TASK OBJECTIVE :: In the entries below, find every line with the string "Black" and copy it.

BEGIN STUDY MATERIAL

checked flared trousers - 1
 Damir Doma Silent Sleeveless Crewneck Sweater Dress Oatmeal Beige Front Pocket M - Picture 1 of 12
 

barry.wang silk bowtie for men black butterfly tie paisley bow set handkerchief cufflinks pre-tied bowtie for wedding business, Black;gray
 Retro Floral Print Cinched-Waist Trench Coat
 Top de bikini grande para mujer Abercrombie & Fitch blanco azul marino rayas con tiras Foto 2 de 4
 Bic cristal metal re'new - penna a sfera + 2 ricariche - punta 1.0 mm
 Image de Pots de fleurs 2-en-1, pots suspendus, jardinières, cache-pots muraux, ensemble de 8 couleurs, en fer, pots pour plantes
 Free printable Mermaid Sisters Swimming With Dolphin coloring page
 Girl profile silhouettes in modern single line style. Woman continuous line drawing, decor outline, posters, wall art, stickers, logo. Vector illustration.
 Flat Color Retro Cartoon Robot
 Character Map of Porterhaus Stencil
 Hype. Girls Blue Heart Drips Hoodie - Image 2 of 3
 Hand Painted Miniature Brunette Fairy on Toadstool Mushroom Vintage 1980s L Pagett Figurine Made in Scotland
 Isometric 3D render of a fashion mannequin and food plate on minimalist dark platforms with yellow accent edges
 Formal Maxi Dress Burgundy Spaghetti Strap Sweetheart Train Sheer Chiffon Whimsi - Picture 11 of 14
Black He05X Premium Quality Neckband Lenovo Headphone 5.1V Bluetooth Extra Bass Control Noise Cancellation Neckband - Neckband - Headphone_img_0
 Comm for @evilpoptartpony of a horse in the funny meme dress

END STUDY MATERIAL

RESPONSE FOR THIS EXERCISE ::
barry.wang silk bowtie for men black butterfly tie paisley bow set handkerchief cufflinks pre-tied bowtie for wedding business, Black;gray
Black He05X Premium Quality Neckband Lenovo Headphone 5.1V Bluetooth Extra Bass Control Noise Cancellation Neckband - Neckband - Headphone_img_0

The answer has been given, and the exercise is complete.